2

I have a Delphi 6 application that sends bitmaps to a DirectShow DLL in real-time, 25 frames a second. The DirectShow DLL is my code too and is also written in Delphi 6 using the DSPACK DirectShow component suite. I have a simple block of code that goes through each pixel in the bitmap modifying the brightness and contrast of the image, if a certain flag is set, otherwise the bitmap is pushed out the DirectShow DLL unmodified (push source video filter). The code used to be in the main application and then I just moved it into the DirectShow DLL. When it was in the main application it ran fine. I could see the changes in the bitmap as expected. However, now that the code resides in the DirectShow DLL it has the following problems:

  1. When the code block below is active the DirectShow DLL is really slow. I have a quad core i5 and it's really slow. I can also see a big spike in the CPU consumption. In contrast, the very same code running in the main application ran fine on an old single core P4. It did hit the CPU noticeably on that old machine but the video was smooth and there were no problems. The images are only 352 x 288 pixels in size.

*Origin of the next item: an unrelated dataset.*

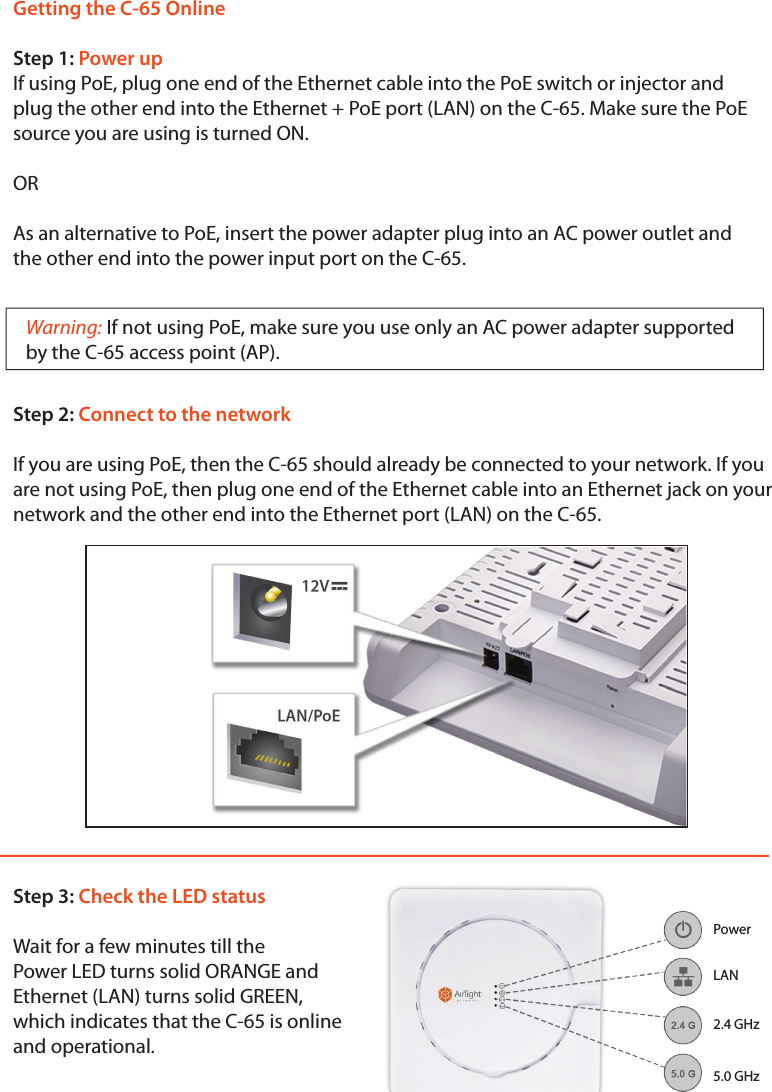 Getting the C-65 OnlineStep 1: Power upIf using PoE, plug one end of the Ethernet cable into the PoE switch or injector and plug the other end into the Ethernet + PoE port (LAN) on the C-65. Make sure the PoE source you are using is turned ON.ORAs an alternative to PoE, insert the power adapter plug into an AC power outlet and the other end into the power input port on the C-65.Warning: If not using PoE, make sure you use only an AC power adapter supported  by the C-65 access point (AP).Step 2: Connect to the networkIf you are using PoE, then the C-65 should already be connected to your network. If you are not using PoE, then plug one end of the Ethernet cable into an Ethernet jack on your network and the other end into the Ethernet port (LAN) on the C-65.Step 3: Check the LED statusWait for a few minutes till thePower LED turns solid ORANGE and Ethernet (LAN) turns solid GREEN, which indicates that the C-65 is online and operational.Power2.4 GHz5.0 GHzLAN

  2. I don't see the expected changes to the visible bitmap. I can trace the code in the DirectShow DLL and see the numerical values of each pixel properly altered by the code, but the viewable image in the Graph Edit ActiveMovie window looks completely unchanged.

  3. If I deactivate the code, which I can do in real-time, the ActiveMovie window shows video that is as smooth as glass, perfectly rendered with the CPU barely touched. If I reactivate the code the video is now really choppy, probably showing only 1 to 2 frames a second with a long delay before the first frame is shown, and the CPU spikes. Not completely, but a lot more than I would expect.

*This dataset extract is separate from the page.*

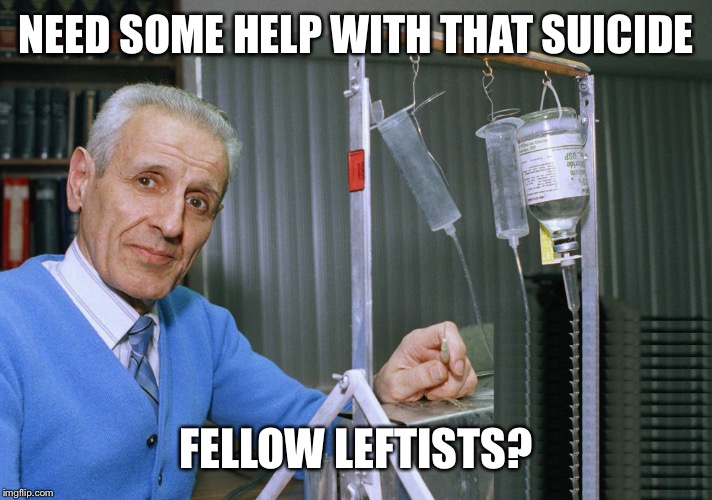 Jack Kevorkian | NEED SOME HELP WITH THAT SUICIDE FELLOW LEFTISTS? | image tagged in jack kevorkian | made w/ Imgflip meme maker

I tried compiling the DirectShow DLL with everything on including range checking, overflow checking, etc. and there were no warnings or errors during run-time. I then tried compiling for fastest speed and it still had the exact same problems listed above. Something is really wrong and I can't figure out what. Note, I do indeed lock the canvas before modifying the bitmap and unlock it after I'm done. If it weren't for the "everything on" compilation run I noted above I'd say it felt like an FPU Exception was being raised and silently swallowed with every pixel computation, but as I said, no errors or Exceptions are occurring.

UPDATE: I am putting this here so that the solution, which is embedded in one of Roman R's comment, is plainly visible. The problem that I was not setting the PixelFormat property to pf24Bit before accessing the ScanLine property. As Roman suggested, not doing this must make the TBitmap code create a temporary copy of the bitmap. As soon as I added the line of code below the problems went away, both that of changes not being visible and the soft page faults. It's an insidious problem because the only object that is affected is the pointer you use to access the ScanLine property, since (assumption) it contains a pointer to a temporary copy of the bitmap. That's must be why the subsequent TextOut() call still worked since it worked on the original copy of the bitmap.

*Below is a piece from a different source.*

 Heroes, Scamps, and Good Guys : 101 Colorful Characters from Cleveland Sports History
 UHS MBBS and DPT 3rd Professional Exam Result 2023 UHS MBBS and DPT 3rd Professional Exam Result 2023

clip.PixelFormat := pf24bit; // The missing code line that fixes the problem.

Here's the code block I've been referring to:

function IntToByte(i: Integer): Byte;
begin
 if i > 255 then
   Result := 255
 else if i < 0 then
   Result := 0
 else
   Result := i;
end;

// ---------------------------------------------------------------

procedure brightnessTurboBoost(var clip: TBitmap; rangeExpansionPowerOf2: integer; shiftValue: Byte);
var
   p0: PByte;
   x,y: Integer;
begin
   if (rangeExpansionPowerOf2 = 0) and (shiftValue = 0) then
       exit; // These parameter settings will not change the pixel values.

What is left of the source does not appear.